I said it the other day - Crazy Heart is a great movie and you should see it. I wasn't surprised that Maggie Gyllenhaal was good, but sometimes it's hard to tell because in the same way that Fergie is inexplicably unattractive to me, I like Gyllenhaal for reasons I can't always explain. Except for the fact that I have to constantly review how to spell her last name. Maybe its her hipster vibe, her indie choices in film roles, her relation to Jake, or her marriage to Peter Sarsgaard, whom I have had an intensified crush on ever since seeing An Education. Whatever it is, I like her. But I think this role could have been phoned in or taken to a place that would have been annoying, and I admire her for avoiding that. She's part groupie (and it is only the charisma of Jeff Bridges keeping that from being an unpalatable thought), part southern single mother, part alcoholic-enabler. But she gives those roles backbone and prevents them from being a pitiable existence.

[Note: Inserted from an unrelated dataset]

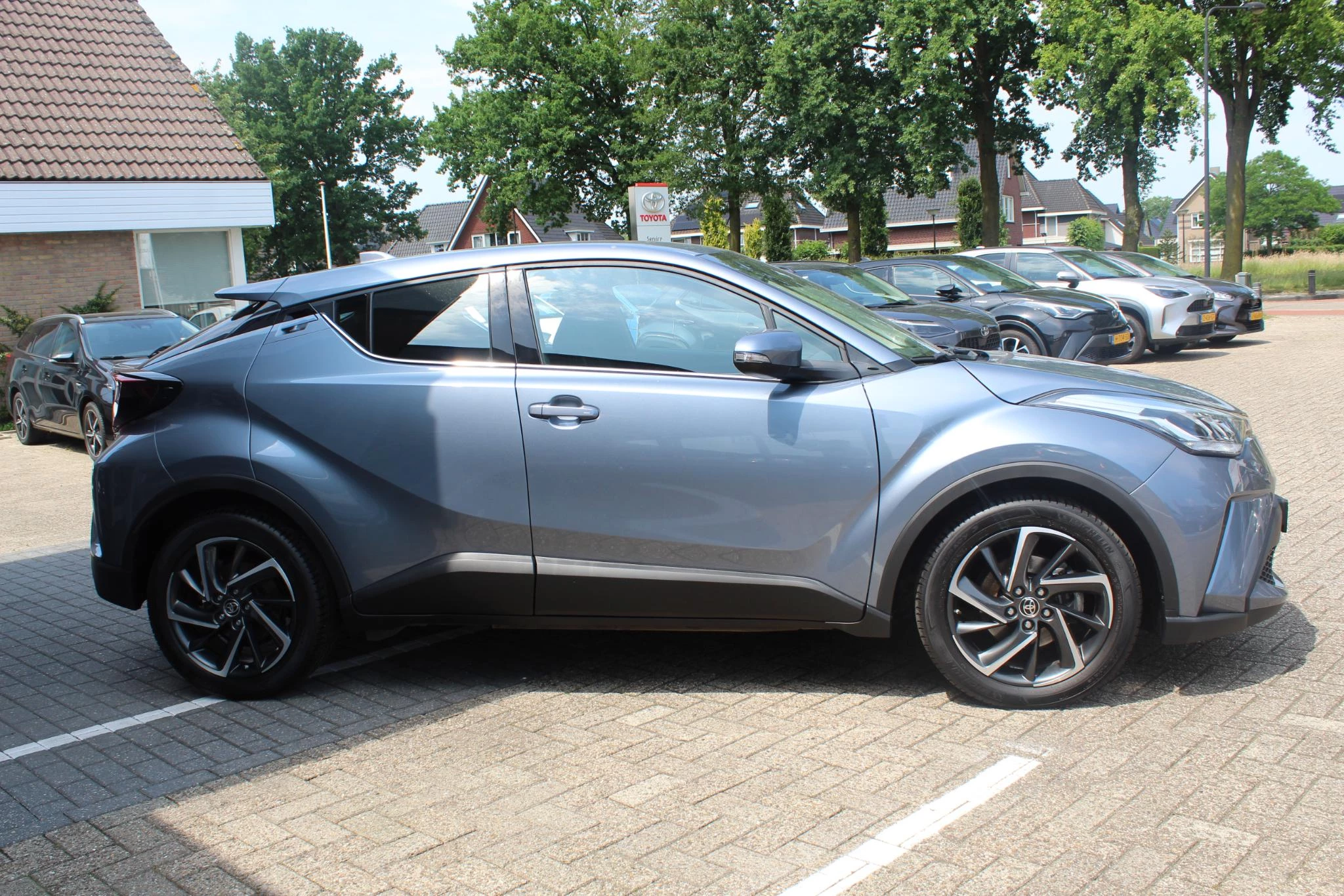 Hoofdafbeelding Toyota C-HR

So that's that. Predictions are for the heavy-favorites, Waltz and Mo'Nique, and I wouldn't ask for anyone else to win. Others had good or great performances, but those two can't be topped.

1 comment:

  1. Two things:

    1. Chistoph Waltz also apparently did stage acting in London? And I think he was a good, known actor maybe even TV star in Germany. I've read a few things about how he's not exactly "unknown" but more like "unknown to United Statesians who don't know you if you've never been pictured in Us Weekly" - that kind of thing.

    2. More importantly, re: Anna Kendrick. WHY HAVEN'T YOU SEEN ROCKET SCIENCE YET?! I think I even specifically recommended it to you when I watched it last year. I so picture you enjoying that movie.